Apple's decision to pull its products from the EPEAT 'green' certification registry is having repercussions in at least one city. After hearing that the company would no longer certify its products as environmentally friendly using EPEAT, San Francisco's Department of Environment told CIO Journal that the city would not purchase any more Apple computers. The Department says a 2007 policy only allows agencies to buy EPEAT-certified computers and monitors with public funds, and the city's Chief Information Officer — who manages purchases — is backing the decision. Although it will be possible for individual agencies to get a waiver, the CIO says "it’s going to be very problematic to procure Apple products."

Department of Environment director Melanie Nutter says she hopes "the city saying it will not buy Apple products will make Apple reconsider its participation" in EPEAT. Some universities have also told CIO Journal they are now reconsidering their Apple purchases. Even so, it's unlikely Apple will go back, especially since its latest compact designs are at odds with EPEAT's requirements for recyclable, upgradeable machines. So far, Apple has not replied to our request for comment.

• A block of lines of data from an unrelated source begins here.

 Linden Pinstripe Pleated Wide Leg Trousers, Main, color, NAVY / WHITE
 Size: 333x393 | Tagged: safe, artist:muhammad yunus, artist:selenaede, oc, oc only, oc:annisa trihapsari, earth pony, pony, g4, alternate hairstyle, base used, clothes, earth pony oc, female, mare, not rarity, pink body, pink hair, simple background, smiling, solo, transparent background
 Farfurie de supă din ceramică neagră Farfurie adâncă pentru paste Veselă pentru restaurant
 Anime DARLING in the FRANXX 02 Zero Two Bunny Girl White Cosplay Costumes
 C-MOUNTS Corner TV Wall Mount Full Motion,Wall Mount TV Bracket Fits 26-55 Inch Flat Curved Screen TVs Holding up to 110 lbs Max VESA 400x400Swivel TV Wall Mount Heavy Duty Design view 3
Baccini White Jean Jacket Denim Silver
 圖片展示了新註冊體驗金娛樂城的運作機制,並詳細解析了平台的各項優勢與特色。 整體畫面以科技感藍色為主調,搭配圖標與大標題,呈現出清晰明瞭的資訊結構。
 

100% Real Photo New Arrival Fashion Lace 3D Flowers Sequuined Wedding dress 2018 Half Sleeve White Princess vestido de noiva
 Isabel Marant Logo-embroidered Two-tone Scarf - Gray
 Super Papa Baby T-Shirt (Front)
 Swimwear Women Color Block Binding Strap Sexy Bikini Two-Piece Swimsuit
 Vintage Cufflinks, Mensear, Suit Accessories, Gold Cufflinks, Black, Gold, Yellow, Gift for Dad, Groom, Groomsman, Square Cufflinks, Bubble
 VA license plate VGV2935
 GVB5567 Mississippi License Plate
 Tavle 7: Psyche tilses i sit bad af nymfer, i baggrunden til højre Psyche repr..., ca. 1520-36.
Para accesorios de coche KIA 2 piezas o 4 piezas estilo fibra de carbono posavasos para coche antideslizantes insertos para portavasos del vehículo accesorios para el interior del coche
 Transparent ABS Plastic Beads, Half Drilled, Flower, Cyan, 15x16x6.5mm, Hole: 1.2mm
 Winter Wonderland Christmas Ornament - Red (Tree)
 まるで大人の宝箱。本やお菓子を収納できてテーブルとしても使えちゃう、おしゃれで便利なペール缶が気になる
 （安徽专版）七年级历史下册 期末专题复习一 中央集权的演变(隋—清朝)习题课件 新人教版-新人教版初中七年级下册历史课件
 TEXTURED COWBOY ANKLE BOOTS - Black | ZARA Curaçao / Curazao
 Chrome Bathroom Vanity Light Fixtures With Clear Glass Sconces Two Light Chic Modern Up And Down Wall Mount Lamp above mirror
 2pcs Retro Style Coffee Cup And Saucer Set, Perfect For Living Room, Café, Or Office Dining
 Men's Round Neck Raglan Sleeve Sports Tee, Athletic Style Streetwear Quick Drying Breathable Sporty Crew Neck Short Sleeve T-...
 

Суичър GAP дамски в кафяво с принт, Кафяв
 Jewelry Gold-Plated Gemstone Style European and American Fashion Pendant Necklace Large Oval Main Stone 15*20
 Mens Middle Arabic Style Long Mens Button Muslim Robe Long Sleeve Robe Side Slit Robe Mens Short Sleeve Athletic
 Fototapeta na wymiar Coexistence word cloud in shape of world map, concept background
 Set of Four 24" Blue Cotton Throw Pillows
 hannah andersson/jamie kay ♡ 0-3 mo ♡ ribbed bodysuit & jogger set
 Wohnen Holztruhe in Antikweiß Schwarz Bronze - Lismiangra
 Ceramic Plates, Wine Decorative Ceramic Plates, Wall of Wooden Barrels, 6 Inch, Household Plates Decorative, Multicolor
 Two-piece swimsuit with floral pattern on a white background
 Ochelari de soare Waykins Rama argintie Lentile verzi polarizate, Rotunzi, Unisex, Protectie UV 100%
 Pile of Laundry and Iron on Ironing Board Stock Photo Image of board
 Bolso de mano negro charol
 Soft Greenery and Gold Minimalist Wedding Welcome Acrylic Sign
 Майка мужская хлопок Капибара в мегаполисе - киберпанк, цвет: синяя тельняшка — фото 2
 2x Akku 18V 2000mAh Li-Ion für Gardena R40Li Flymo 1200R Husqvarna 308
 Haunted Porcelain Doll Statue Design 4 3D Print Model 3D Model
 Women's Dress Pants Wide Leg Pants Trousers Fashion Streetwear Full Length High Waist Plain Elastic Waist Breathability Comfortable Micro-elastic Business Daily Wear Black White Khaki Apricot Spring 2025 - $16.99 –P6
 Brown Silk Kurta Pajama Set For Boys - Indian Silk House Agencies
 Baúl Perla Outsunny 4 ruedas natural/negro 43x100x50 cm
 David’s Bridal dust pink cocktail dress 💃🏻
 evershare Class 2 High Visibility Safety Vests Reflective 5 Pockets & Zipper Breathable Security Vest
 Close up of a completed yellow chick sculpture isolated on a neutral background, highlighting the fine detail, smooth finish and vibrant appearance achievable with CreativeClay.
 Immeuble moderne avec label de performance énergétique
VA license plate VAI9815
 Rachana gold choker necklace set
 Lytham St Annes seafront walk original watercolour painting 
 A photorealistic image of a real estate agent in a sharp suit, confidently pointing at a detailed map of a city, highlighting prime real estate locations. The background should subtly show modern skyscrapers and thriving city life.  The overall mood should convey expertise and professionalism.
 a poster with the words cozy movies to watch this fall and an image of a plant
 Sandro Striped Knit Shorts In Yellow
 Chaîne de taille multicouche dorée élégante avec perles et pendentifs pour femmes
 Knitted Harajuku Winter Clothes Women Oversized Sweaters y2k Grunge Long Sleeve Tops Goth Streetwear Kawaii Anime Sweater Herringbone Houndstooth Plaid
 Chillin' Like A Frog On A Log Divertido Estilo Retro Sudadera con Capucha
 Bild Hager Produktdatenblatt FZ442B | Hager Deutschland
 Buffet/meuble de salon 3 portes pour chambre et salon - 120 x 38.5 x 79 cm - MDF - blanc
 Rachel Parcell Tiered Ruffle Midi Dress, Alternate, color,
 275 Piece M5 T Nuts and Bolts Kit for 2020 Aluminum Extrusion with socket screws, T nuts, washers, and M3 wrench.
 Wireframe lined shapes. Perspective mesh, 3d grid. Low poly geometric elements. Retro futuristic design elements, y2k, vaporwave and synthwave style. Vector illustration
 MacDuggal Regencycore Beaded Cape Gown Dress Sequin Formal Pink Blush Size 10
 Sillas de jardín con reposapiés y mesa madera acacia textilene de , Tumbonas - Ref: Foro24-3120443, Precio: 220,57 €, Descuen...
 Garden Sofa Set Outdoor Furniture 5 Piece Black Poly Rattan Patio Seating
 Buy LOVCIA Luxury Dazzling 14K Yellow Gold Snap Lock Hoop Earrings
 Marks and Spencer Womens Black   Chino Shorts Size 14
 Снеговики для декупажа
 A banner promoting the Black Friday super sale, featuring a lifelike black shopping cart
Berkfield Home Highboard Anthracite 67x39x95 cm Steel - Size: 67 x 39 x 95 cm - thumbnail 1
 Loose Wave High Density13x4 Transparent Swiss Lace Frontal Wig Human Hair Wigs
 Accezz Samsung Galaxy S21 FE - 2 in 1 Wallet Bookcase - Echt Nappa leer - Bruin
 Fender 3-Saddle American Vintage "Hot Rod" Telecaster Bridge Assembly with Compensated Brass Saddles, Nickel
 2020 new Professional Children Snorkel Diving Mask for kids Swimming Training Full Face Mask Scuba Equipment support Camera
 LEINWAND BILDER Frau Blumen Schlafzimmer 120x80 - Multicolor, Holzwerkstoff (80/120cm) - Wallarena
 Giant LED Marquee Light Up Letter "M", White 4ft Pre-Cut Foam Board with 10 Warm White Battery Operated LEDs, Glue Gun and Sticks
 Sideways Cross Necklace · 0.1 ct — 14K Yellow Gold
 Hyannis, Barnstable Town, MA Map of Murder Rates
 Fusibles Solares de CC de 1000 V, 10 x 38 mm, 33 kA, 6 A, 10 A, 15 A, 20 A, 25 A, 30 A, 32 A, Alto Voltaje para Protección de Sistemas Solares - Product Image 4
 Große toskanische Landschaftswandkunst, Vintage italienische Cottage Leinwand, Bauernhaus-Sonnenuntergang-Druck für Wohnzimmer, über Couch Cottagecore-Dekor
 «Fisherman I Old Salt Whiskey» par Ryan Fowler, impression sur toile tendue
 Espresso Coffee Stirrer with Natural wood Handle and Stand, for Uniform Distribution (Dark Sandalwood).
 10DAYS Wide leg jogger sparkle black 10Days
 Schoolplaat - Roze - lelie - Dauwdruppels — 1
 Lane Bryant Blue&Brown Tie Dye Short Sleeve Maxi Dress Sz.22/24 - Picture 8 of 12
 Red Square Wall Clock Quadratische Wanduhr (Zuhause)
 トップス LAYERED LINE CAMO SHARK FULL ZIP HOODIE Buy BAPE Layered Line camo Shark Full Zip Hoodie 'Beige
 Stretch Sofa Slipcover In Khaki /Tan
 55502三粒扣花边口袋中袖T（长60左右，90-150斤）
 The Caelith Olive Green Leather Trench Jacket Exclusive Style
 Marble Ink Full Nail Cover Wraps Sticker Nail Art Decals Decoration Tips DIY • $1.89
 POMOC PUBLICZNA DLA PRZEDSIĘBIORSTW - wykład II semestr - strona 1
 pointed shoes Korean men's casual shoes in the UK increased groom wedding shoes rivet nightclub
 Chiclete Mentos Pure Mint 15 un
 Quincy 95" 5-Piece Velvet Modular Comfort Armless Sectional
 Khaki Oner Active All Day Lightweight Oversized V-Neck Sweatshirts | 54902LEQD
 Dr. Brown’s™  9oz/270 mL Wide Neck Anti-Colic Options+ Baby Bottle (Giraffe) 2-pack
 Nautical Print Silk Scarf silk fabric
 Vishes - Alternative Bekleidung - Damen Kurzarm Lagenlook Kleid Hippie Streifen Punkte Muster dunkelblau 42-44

Update: Apple has given us the following statement:

Apple takes a comprehensive approach to measuring our environmental impact and all of our products meet the strictest energy efficiency standards backed by the US government, Energy Star 5.2. We also lead the industry by reporting each product's greenhouse gas emissions on our website, and Apple products are superior in other important environmental areas not measured by EPEAT, such as removal of toxic materials.